EXERCISE GOAL:
Return exactly the lines of the entries that start at the line containing "Mountain view in" and continue to the last line. Omit the pictures.
*** RECORDS SUPPLIED
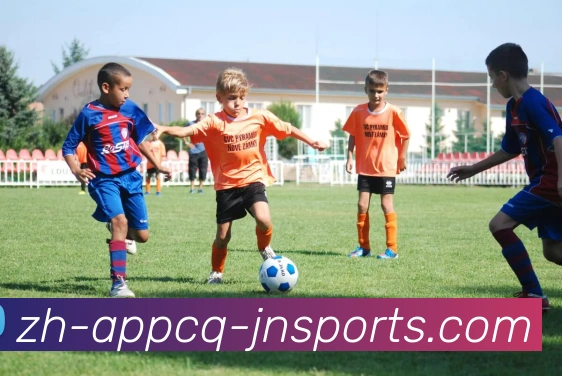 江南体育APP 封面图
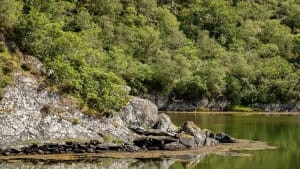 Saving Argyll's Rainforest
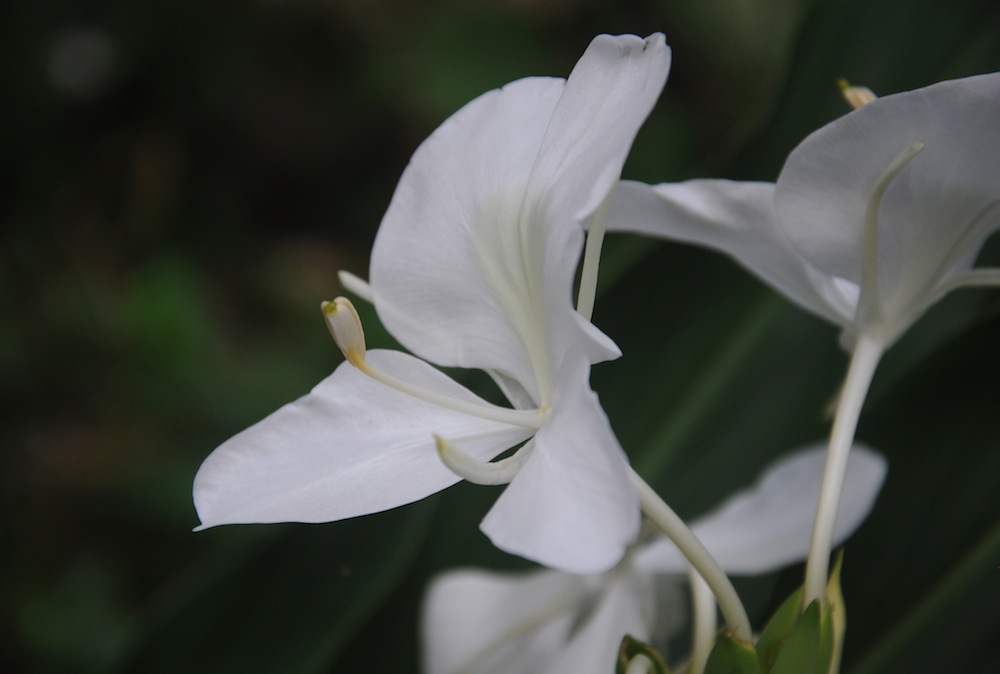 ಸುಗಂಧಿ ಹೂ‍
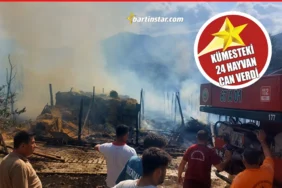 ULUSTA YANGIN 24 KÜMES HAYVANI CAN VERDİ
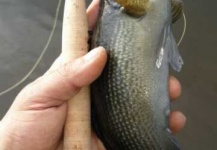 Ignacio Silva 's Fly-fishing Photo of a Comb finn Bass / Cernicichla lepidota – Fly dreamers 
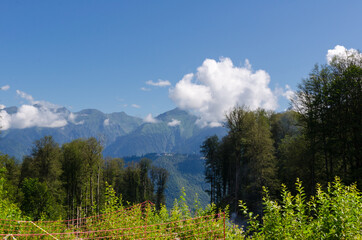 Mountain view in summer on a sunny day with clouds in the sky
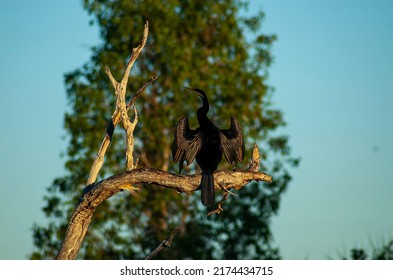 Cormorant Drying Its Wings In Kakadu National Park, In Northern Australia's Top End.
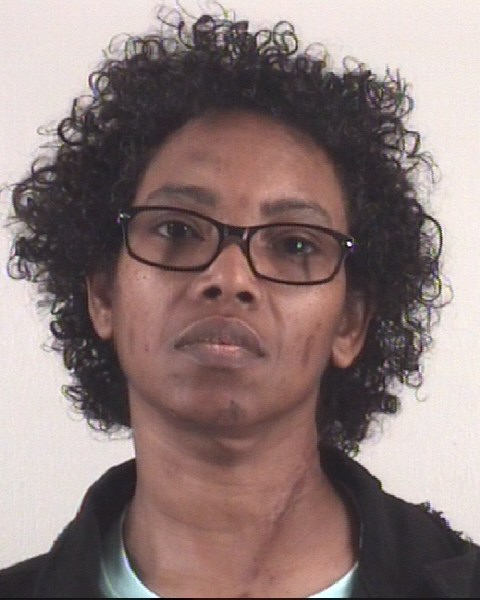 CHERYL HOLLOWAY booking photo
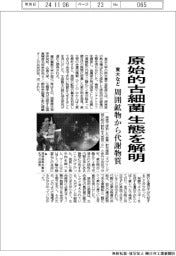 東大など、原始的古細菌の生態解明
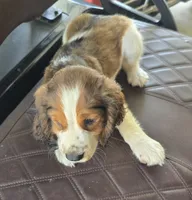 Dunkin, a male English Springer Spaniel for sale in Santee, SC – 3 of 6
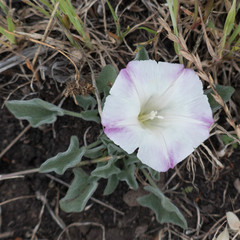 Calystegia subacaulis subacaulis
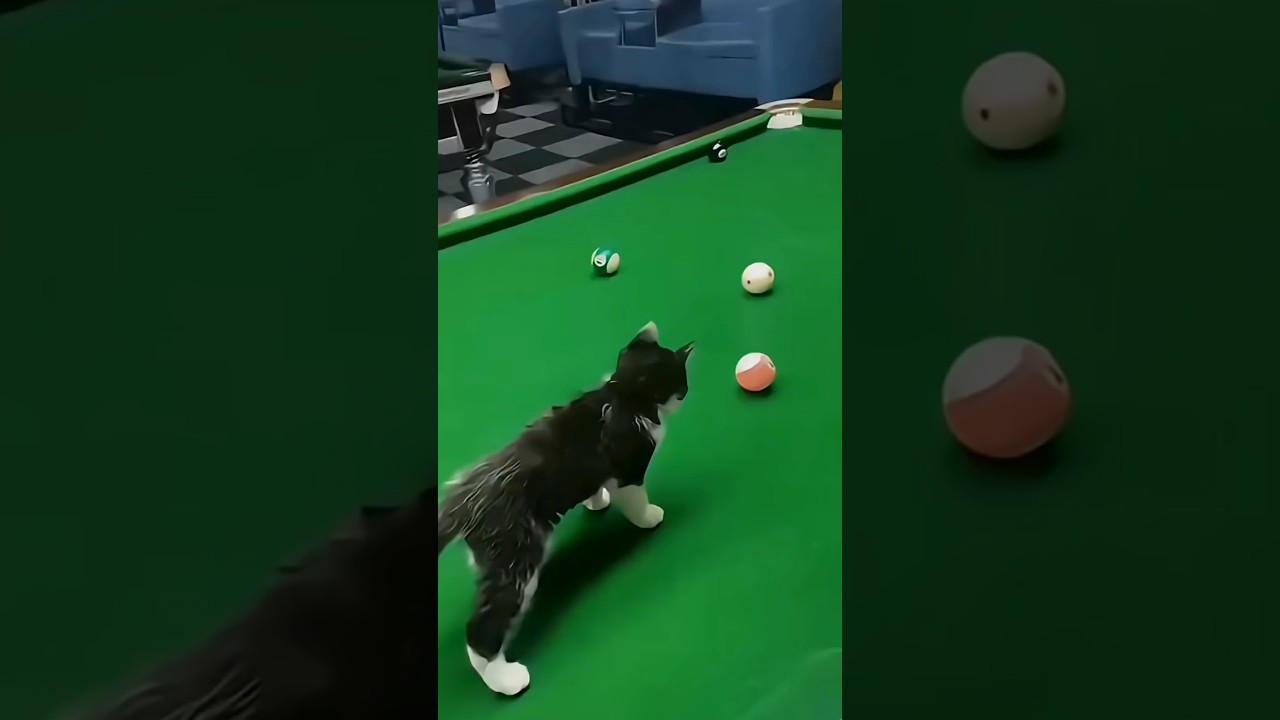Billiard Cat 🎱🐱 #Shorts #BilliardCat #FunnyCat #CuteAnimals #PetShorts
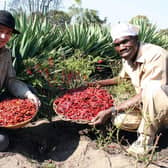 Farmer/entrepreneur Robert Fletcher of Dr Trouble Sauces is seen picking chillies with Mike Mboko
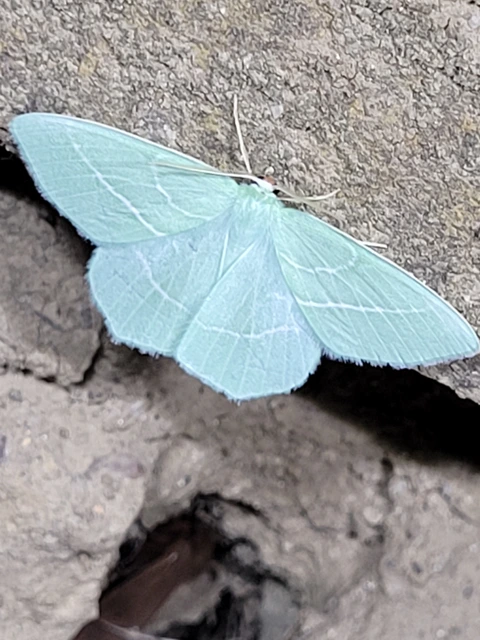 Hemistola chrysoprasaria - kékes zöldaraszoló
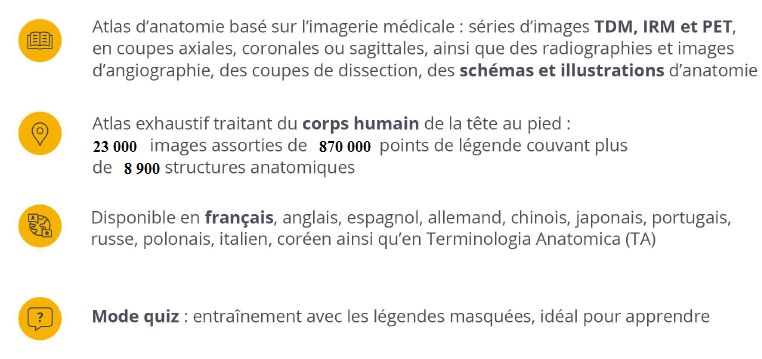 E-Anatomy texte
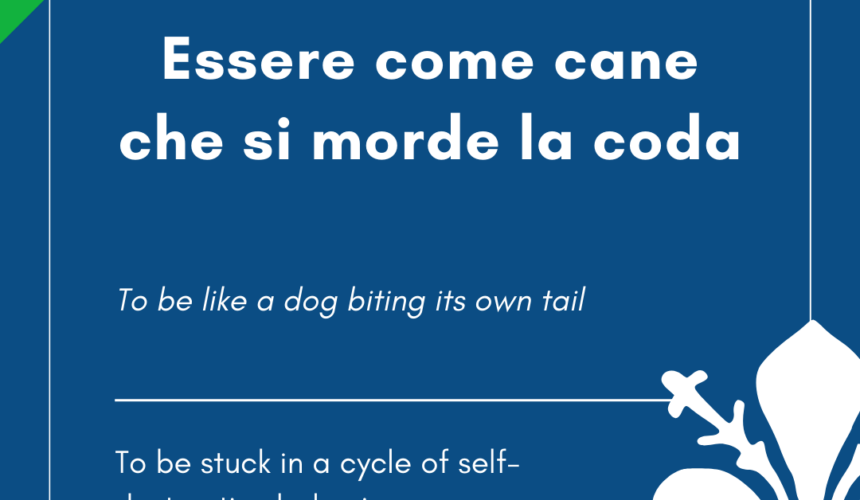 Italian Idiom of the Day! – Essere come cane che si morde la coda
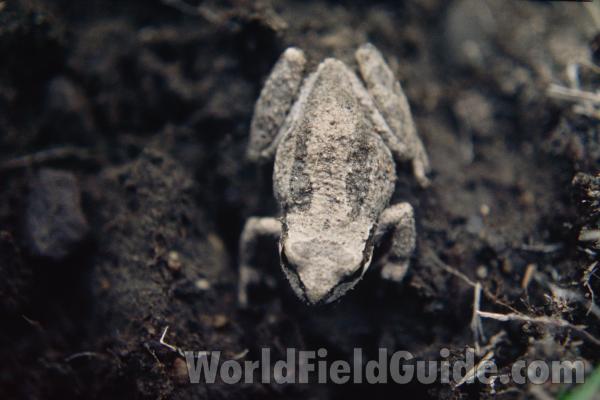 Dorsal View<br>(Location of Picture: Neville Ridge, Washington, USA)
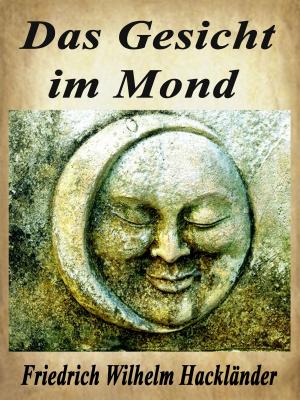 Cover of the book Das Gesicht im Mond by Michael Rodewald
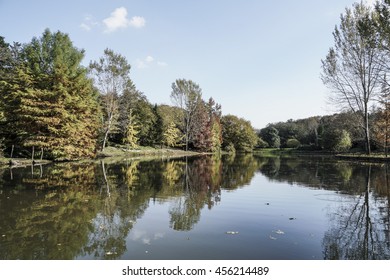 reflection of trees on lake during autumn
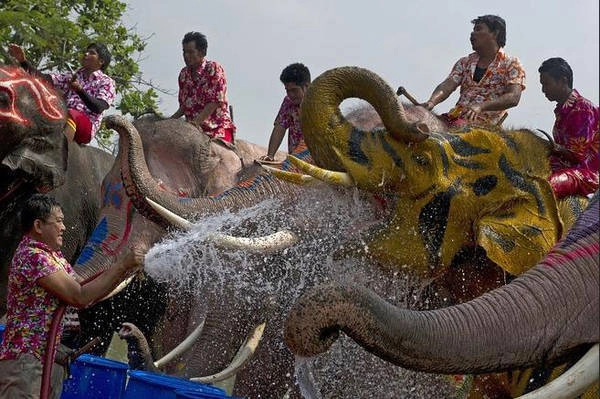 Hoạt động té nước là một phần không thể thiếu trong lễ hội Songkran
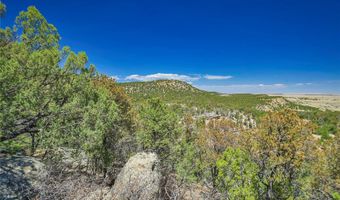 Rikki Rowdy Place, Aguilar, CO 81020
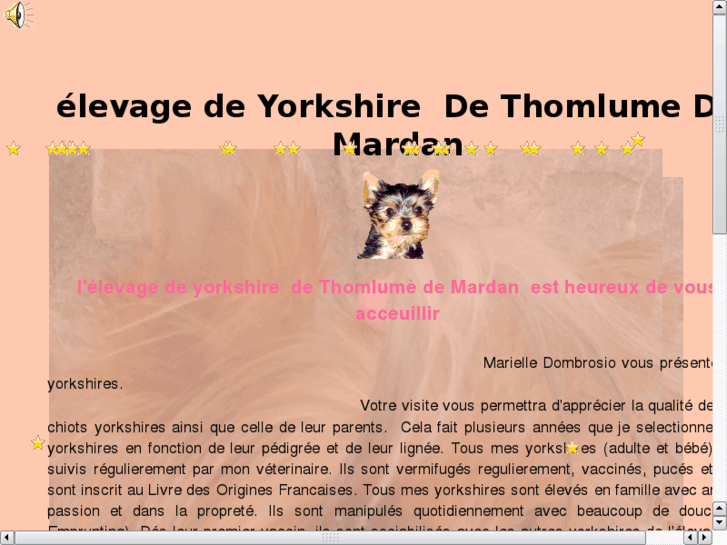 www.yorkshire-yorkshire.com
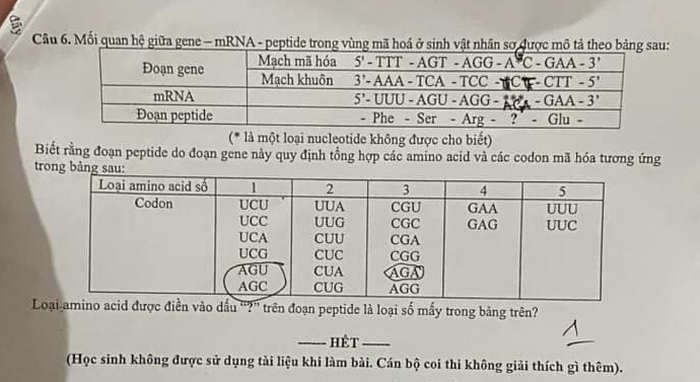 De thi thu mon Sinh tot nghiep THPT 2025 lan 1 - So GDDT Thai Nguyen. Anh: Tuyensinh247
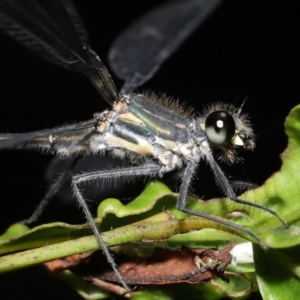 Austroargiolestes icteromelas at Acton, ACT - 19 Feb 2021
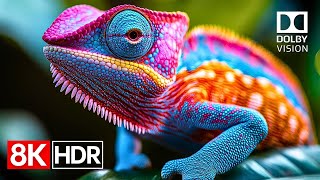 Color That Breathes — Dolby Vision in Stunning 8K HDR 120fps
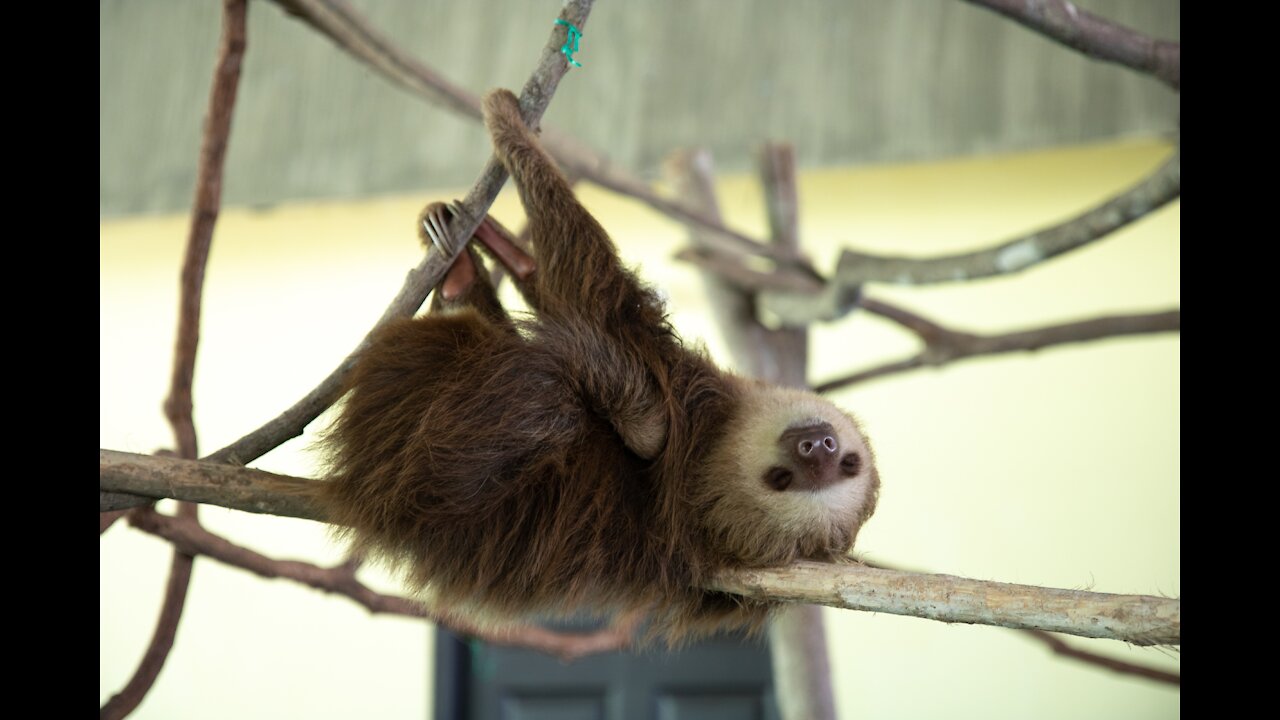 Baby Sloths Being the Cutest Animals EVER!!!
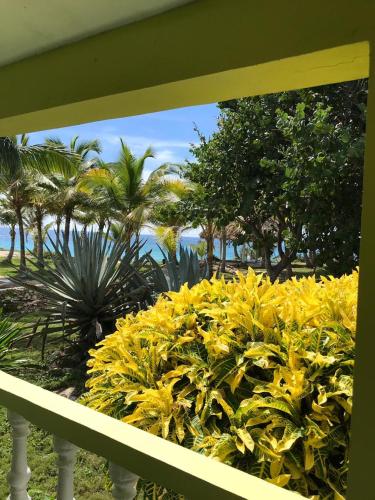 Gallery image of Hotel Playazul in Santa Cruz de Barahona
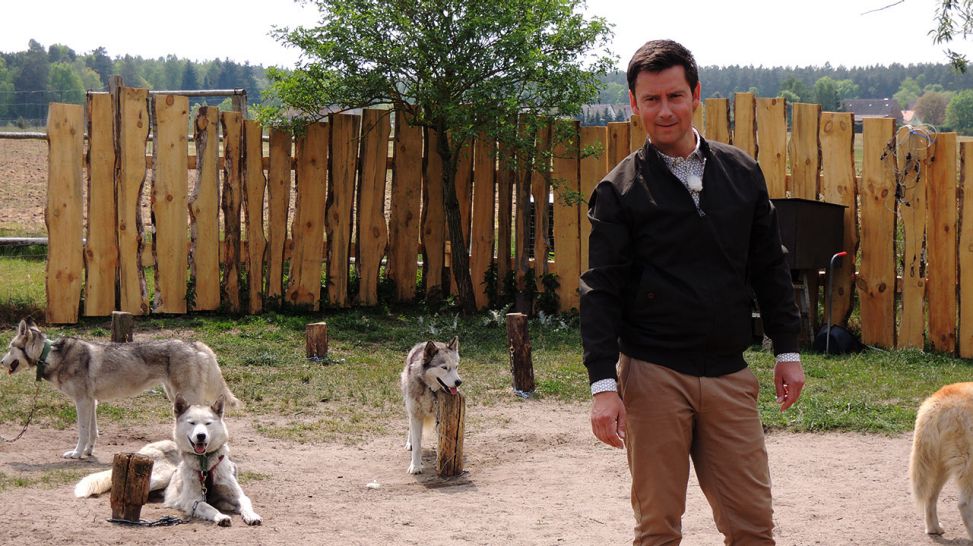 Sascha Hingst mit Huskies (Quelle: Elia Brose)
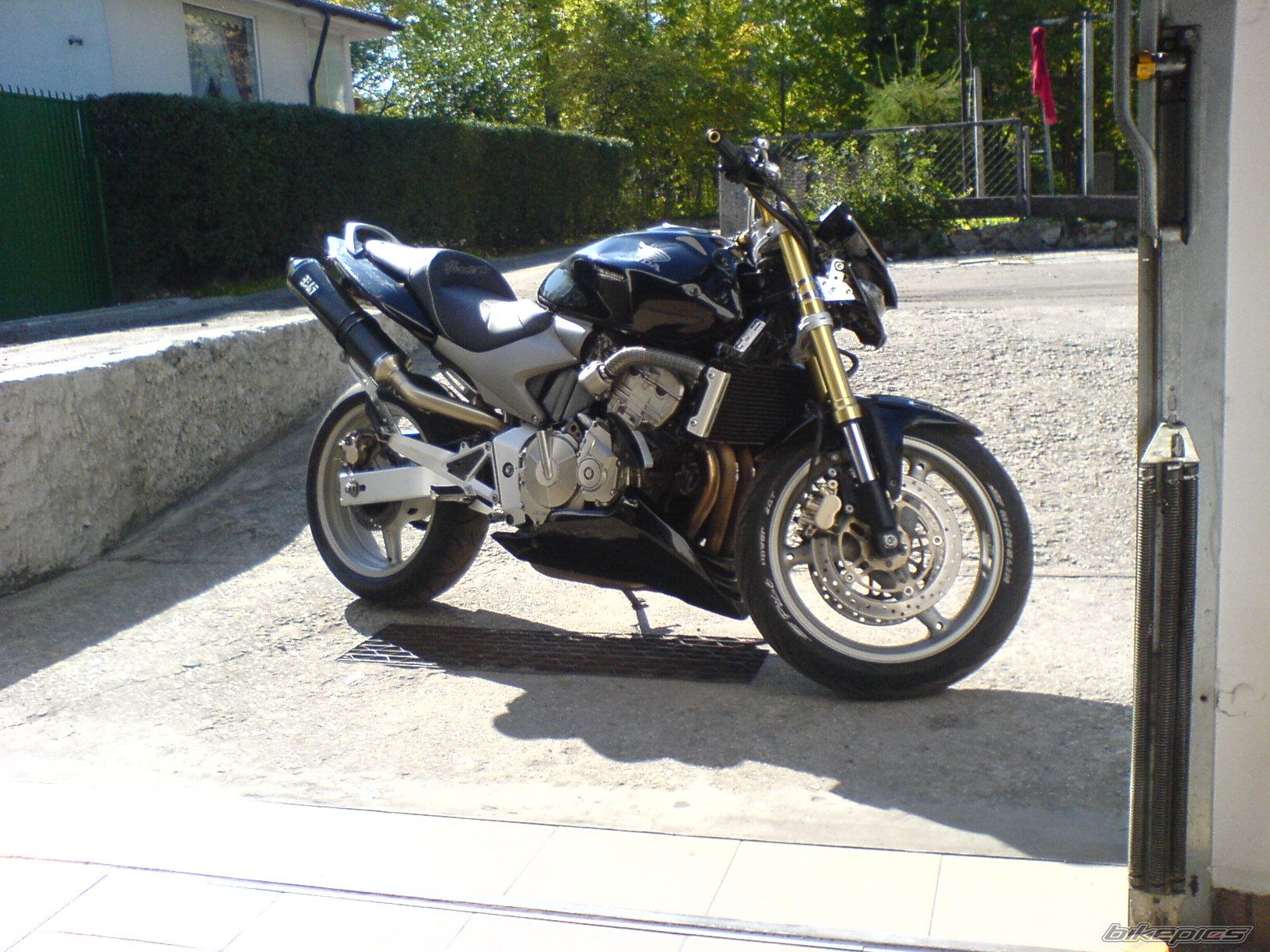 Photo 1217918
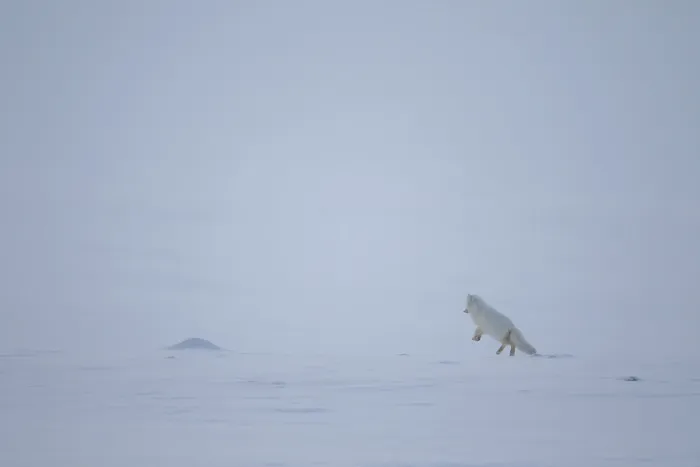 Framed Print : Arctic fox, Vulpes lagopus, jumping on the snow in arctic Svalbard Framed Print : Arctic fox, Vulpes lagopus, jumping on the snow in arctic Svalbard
******
EXERCISE ANSWER:
 Mountain view in summer on a sunny day with clouds in the sky
 Cormorant Drying Its Wings In Kakadu National Park, In Northern Australia's Top End.
 CHERYL HOLLOWAY booking photo
 東大など、原始的古細菌の生態解明
 Dunkin, a male English Springer Spaniel for sale in Santee, SC – 3 of 6
 Calystegia subacaulis subacaulis
Billiard Cat 🎱🐱 #Shorts #BilliardCat #FunnyCat #CuteAnimals #PetShorts
 Farmer/entrepreneur Robert Fletcher of Dr Trouble Sauces is seen picking chillies with Mike Mboko
 Hemistola chrysoprasaria - kékes zöldaraszoló
 E-Anatomy texte
 Italian Idiom of the Day! – Essere come cane che si morde la coda
 Dorsal View<br>(Location of Picture: Neville Ridge, Washington, USA)
 Cover of the book Das Gesicht im Mond by Michael Rodewald
 reflection of trees on lake during autumn
 Hoạt động té nước là một phần không thể thiếu trong lễ hội Songkran
 Rikki Rowdy Place, Aguilar, CO 81020
 www.yorkshire-yorkshire.com
 De thi thu mon Sinh tot nghiep THPT 2025 lan 1 - So GDDT Thai Nguyen. Anh: Tuyensinh247
 Austroargiolestes icteromelas at Acton, ACT - 19 Feb 2021
 Color That Breathes — Dolby Vision in Stunning 8K HDR 120fps
 Baby Sloths Being the Cutest Animals EVER!!!
 Gallery image of Hotel Playazul in Santa Cruz de Barahona
 Sascha Hingst mit Huskies (Quelle: Elia Brose)
 Photo 1217918
 Framed Print : Arctic fox, Vulpes lagopus, jumping on the snow in arctic Svalbard Framed Print : Arctic fox, Vulpes lagopus, jumping on the snow in arctic Svalbard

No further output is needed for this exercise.